She had paid her rent and utility bills. She knew that much.

But her apartment complex’s owner had not. He owed more than $100,000 to JXN Water, the city’s water authority, and the residents of Blossom Apartments were suffering the consequences.

The 70-year-old grandmother shares a three-bedroom apartment in Jackson with her daughter, two granddaughters and 3-year-old grandson. She knew a full house without water was a recipe for disaster. To make matters worse, it was in the thick of August’s oppressive heat.

The simplest tasks — washing dishes, cleaning up around the house, cooking meals — became complicated. The toilets couldn’t flush properly. Bathing now required a bucket. The bulk of their drinking water came from donations.

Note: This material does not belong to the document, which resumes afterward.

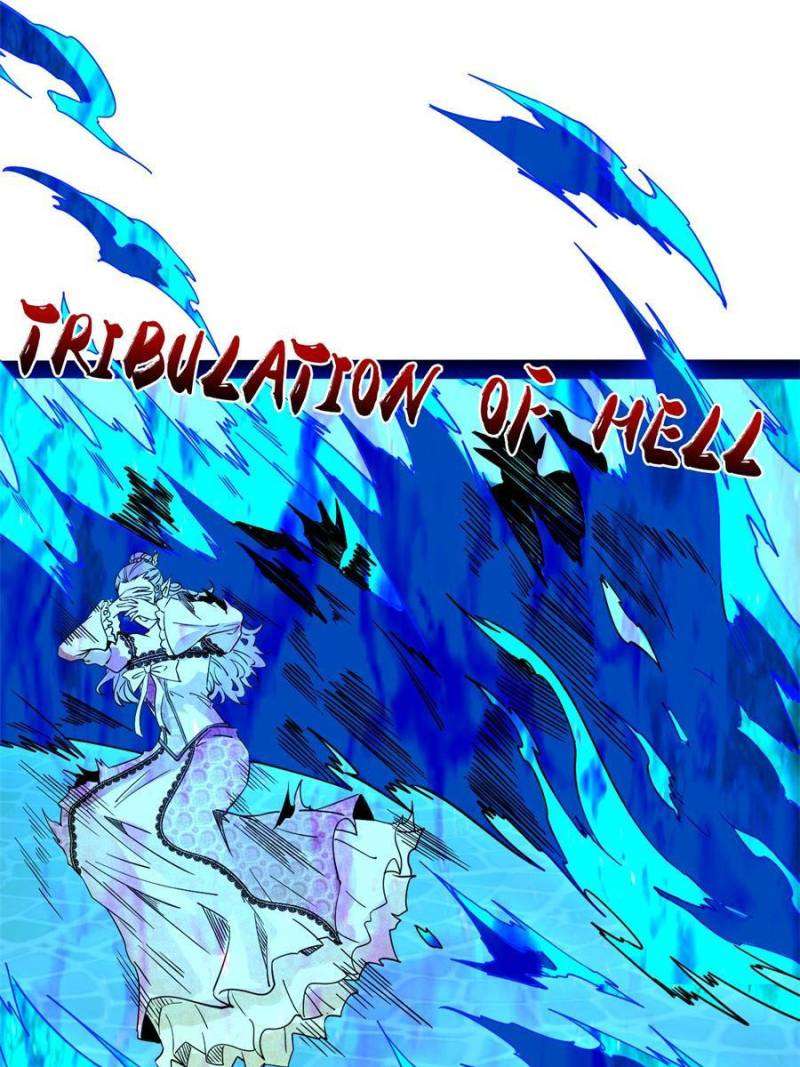 Chapter 243 - Image 70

The floodwaters that inundated the city’s water system and led to its collapse on Aug. 29, 2022, may have long receded, but the damage done to the city’s water infrastructure and its residents is still being felt. Blossom is one of 15 apartment complexes marked for water shut off due to the landowners’ nonpayment. The same owners — whom tenants paid to cover water service — say they cannot afford to settle six-figure debts with the city’s water authority that ballooned after the area’s water treatment plant failed.

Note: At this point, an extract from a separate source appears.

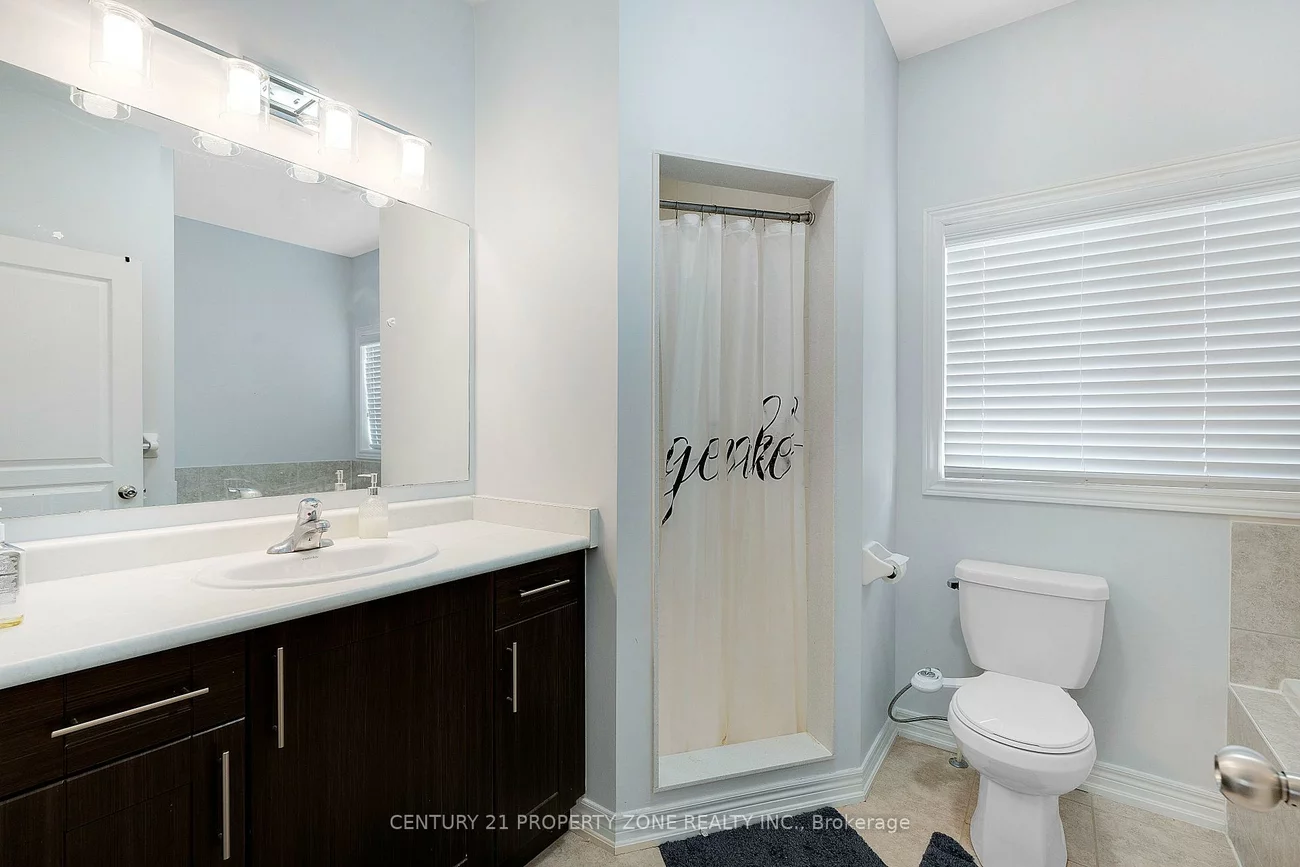 358, Robert Parkinson, Northwest Brampton, Brampton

Without running water, the apartments fail to meet the city’s housing and safety codes. Now, hundreds of residents — through no fault of their own — face the threat of eviction and displacement.

In August, the Southern Poverty Law Center filed a federal lawsuit against the state of Mississippi for withholding millions of dollars in emergency aid owed to Jackson that could help vulnerable residents like Glasper.

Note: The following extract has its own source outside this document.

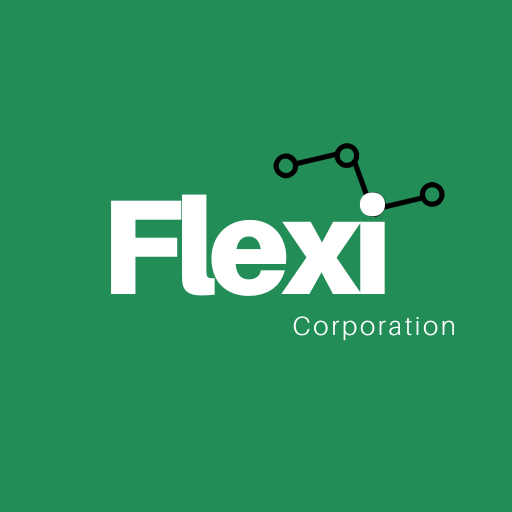Flexi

“This is still a very real crisis that is effectively evicting people from their homes,” said Crystal McElrath, a senior supervising attorney for the SPLC’s Economic Justice litigation team. “Now folks have to scramble to put down deposits and rental application fees while they’re also looking to buy bottled water and feed themselves because of this.”

‘We need help’

In the lawsuit, SPLC attorneys argue that the state of Mississippi intentionally discriminated against residents in its capital. Special processes and conditions were created making it difficult for Jackson — Mississippi’s largest city populated by mostly Black and poor residents — to secure adequate relief in the city’s time of urgent need.

It’s hard on me right now,” Glasper said while boiling water to clean her kitchen. She is a plaintiff in the SPLC suit.

“I woke up this morning in tears,” she said, her voice strained with emotion. “I was laying in my bed crying, and I’m stilling crying.”

Her only recent ray of hope, she said, came from a visitor representing a nonprofit group who had knocked on her door the day before. The visitor offered bottled water and help finding potential housing.

“We need help,” Glasper said. “I need help.”

Disaster and neglect

In the immediate aftermath of the August 2022 flooding that brought on the collapse of Jackson’s water infrastructure, more than 100,000 residents went without clean water for months. Pipes burst, homes flooded, taps went dry.

When water began to sputter in their spouts, rust-colored liquid filled their glasses. The state issued a boil-water advisory throughout the city in September 2022. It remained in place until January 2023 — though the state’s health department still advises people who are pregnant or have young children to use bottled or filtered water for drinking and cooking.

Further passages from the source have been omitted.